Chronique "Si on me laisse dire", publiée dans le quotidien belge "La Dernière Heure" en marge du procès de Marc Dutroux et consorts. Le 16mars 2004.
A l’entendre depuis plusieurs jours, je me dis que le juge Langlois porte un costume trop grand pour lui. Surtout, il porte mal et lourd. C’est en effet avec très peu de finesse que, questionné hier par Jean-Denis Lejeune, il a admis que le témoignage qui fondait son refus d’aller au-delà de quatre témoins pour la reconstitution de l’enlèvement de Julie et Melissa était celui d’un certain sieur… Henry Dumont. Un détail ? Pas vraiment. On découvre ici, encore, un exemple très intéressant la «méthode Langlois».
Le problème de départ était donc celui de la reconstitution. Toute la lecture Langlois repose sur le témoignage d’une vieille dame. Mais voilà : le rapport du maître-chien présent sur le chemin de Fexhe, peu de temps après l’enlèvement, indique que Julie et Melissa sont allées à d’autres endroits et, en tous cas, plus loin que le lieu décrit par le témoin Henrotte! Peu disposé à élargir le champ de sa reconstitution, le juge a donc… écarté les constats du maître-chien.
C’est ainsi qu’il a construit une nouvelle théorie. Au soir du 24 juin 1995, le chien pisteur aurait reniflé l’odeur de la maman de Julie… et non pas celle de Julie elle-même. Comment se fait-il ? Jacques Langlois affirme qu’une taie d’oreiller a été utilisée et que Louisa Lejeune l’aurait touchée en refaisant le lit de sa petite fille, au matin de l’enlèvement. Nouveau «problème», pour Jacques Langlois : ce jour-là, Louisa n’a pas touché la taie. Elle l’a en tous cas dit et répété. Mais le magistrat ne la croit pas… Langlois l’a dit avec des gants, mais il l’a dit clairement aux jurés : «Vous comprenez bien qu’une maman, presque machinalement, remboure l’oreiller».
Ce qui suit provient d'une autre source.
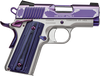 Kimber Mfg.,inc Amethyst, Kimber 3200363 Amethyst Ultra Ii             45acp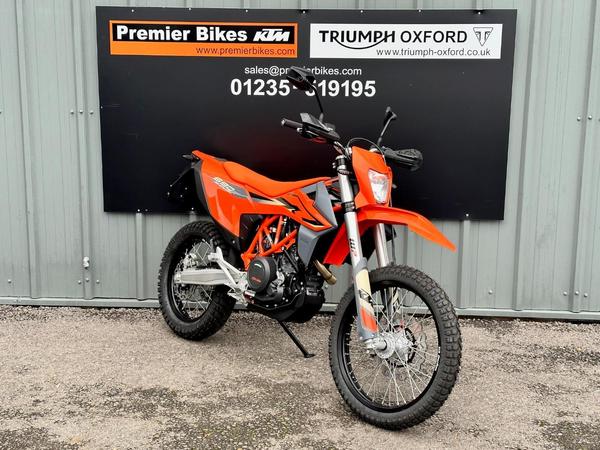 Ktm 690 enduro sales r for sale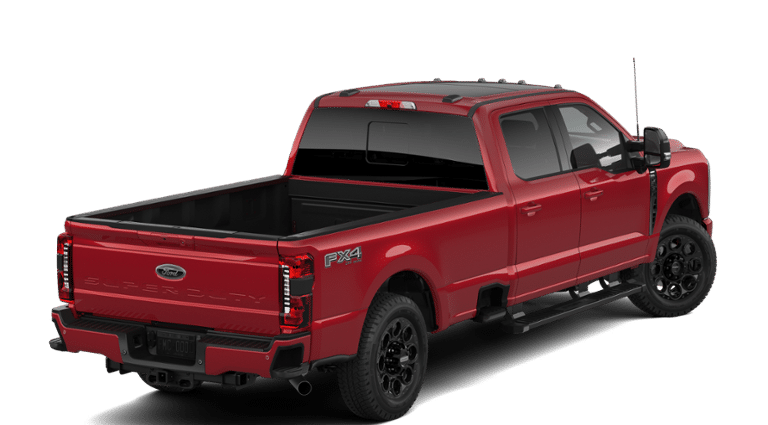 2026 Ford Super Duty F-350® Lariat®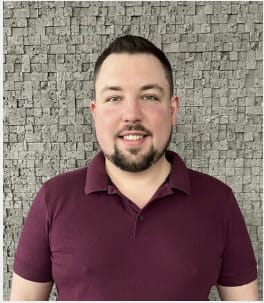 Vadym Kochevykh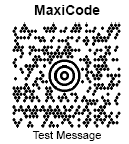 Barcode standards (MOST COMMON)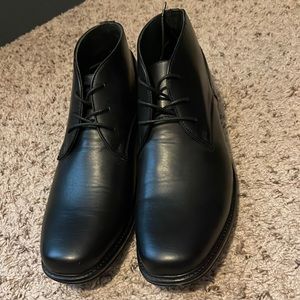 Apline Swiss Boots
Hier, Jean-Denis Lejeune a questionné Langlois : à part la taie –élément déjà contesté- y-a-il une donnée objective qui permettait au juge de remettre en cause les constats faits par le maître-chien en juin 1995 ? Et c’est comme cela que le magistrat a ressorti le témoin Dumont de son chapeau… Témoin auquel il donne plus de crédibilité qu’au maître chien! Il est vrai que cette personne a fait… des déclarations à la RTBF qui ont été recopiées sur un procès-verbal. Belle enquête, n’est-ce pas? Le plus intéressant est à venir. Car le témoin Dumont est aussi celui qui a reconnu Michel Lelièvre comme présent à Grâce Hollogne, au lendemain de l’enlèvement de Julie et Melissa… Mais quand il témoigne de ce fait là… Dumont n’est pas jugé crédible.
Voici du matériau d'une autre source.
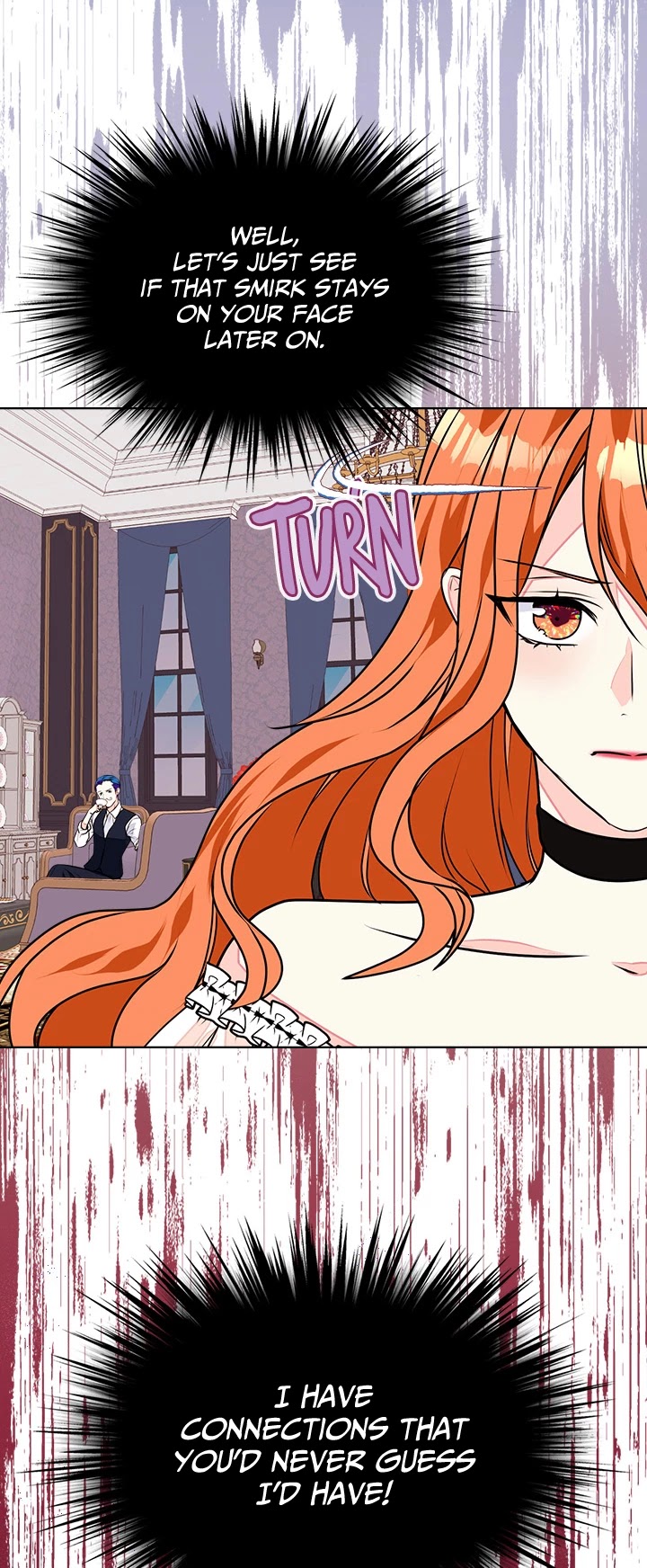 Virtues of the Villainess Chapter 17 page 29 - Chapter 17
Visiblement, Monsieur le Juge a ses témoins. On l’a déjà vu, chez les amis de Nihoul -dont le repris de justice Michel Van der Elst-, Langlois a cherché la cohérence dans plusieurs de leurs témoignages contradictoires. Pour le magistrat, ce sont là de bons témoins. Chez les témoins de Bertrix à charge de Nihoul, il a cherché les incohérences plutôt que ce qui collait. Ce sont donc des mauvais témoins. D’ailleurs, ils sont si nombreux… Mais il y a aussi, dans ce mauvais polar, des témoins qui sont à la fois bon et mauvais ! C’est donc le cas du sieur Dumont qui est jugé assez crédible pour contrecarrer à lui seul un rapport de police (celui du maître chien) et pour déterminer les conditions de la reconstitution… Mais lorsqu’il met en cause Lelièvre, il n’est plus cru par le juge…
Les questions chirurgicales de Jean-Denis Lejeune ont aussi démontré, si cela était encore nécessaire, que les principaux témoins de l’instruction Langlois, ceux qu’il a le plus crus dans cette affaire, ne sont autres que Marc Dutroux et Michelle Martin… Notamment quant aux quantités de nourriture qu’ils auraient laissée à Julie et Melissa lorsqu’elles étaient détenues à Marcinelle.